Nah, berikan komunikasi yang efektif kepada si kecil, seperti, “Bunda tahu Ihsan mau main sepeda di luar, sepedanya bagus (Moms bisa mulai mendongeng). Sepedanya bilang, Mas Ihsan bobo dulu ya. Gimana kalau main sepedanya nanti jam 4 sore?”
Pada dasarnya, orangtua mengakui bahwa anaknya memang kepengen main sepeda. Bila ajakan Moms di atas belum bisa membuatnya pergi ke peraduan. Bisa Moms gunakan kalimat seperti, “Gimana kalau kita nonton TV aja yuk, atau Bunda ceritain buku cerita, atau kita perang-perangan di bawah selimut?” So, cara ini menawarkan opsi/ pilihan kegiatan kepada si kecil. Memang, perilaku naik sepeda bukan sesuatu yang salah, hanya bukan pada saat yang tepat. Moms bisa katakan, “Bolehkah nanti jam 4 atau 4.30 sore Bunda nemenin Ihsan main sepeda? Kita main sepeda selama satu jam. Bunda naik sepeda yang besar, sedangkan, Ihsan naik sepeda yang kecil, gimana?”.

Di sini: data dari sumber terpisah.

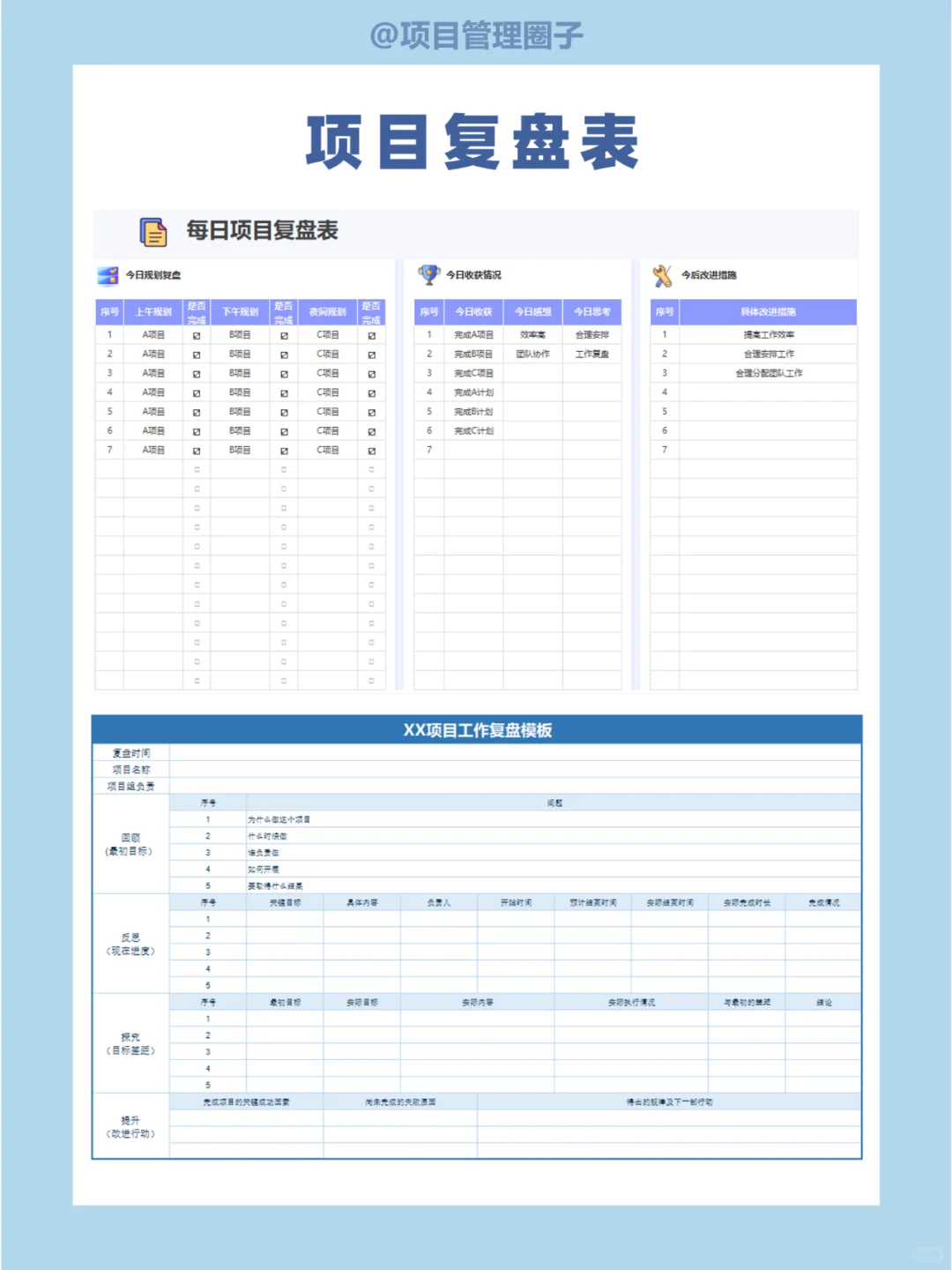 顶级复盘，高管都在用的方法论，建议收藏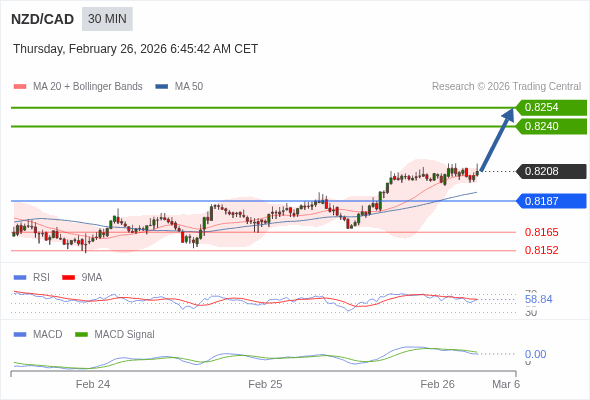 NZD/CAD mungkin naik 32 - 46 pips.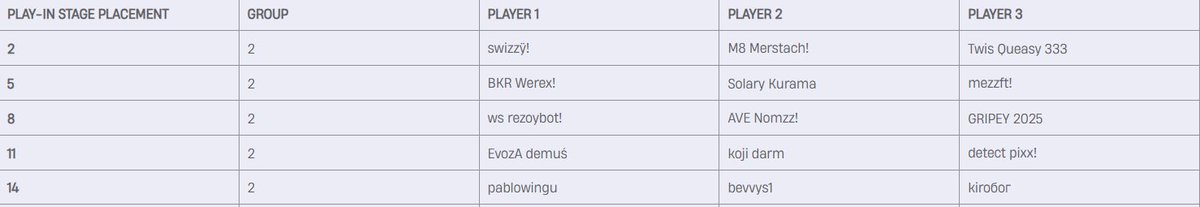 bevvyhimself's tweet image. WE ARE BACK 😍😍😍😍😍 TY @FNCompetitive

Tapi itu semua butuh kesabaran. Bisa saja si anak menawar, “em...em...em...” Apalagi punya anak perempuan yang kemampuan verbalnya sudah lancar seperti mengucapkan, “tapikan...tapikan...tapikan...” Mau tidak mau, Moms memang harus meladeni. Yang perlu diingat, ini semua butuh kesabaran dan waktu yang tidak sebentar.
Bagi orangtua yang tidak sabar bisa saja bicaram “ya sudah kalau gak tidur Bunda kurung aja sepedanya di kamar mandi!” atau “sepedanya dibuang saja biar kamu tidak main sepeda!” Itu justru cara-cara yang salah. Bisa jadi, sekali itu anak memang menurut alias cara tersebut ‘tokcer’, namun itu bukanlah cara yang bisa dibenarkan. Jadi, jangan putus asa ya, Moms.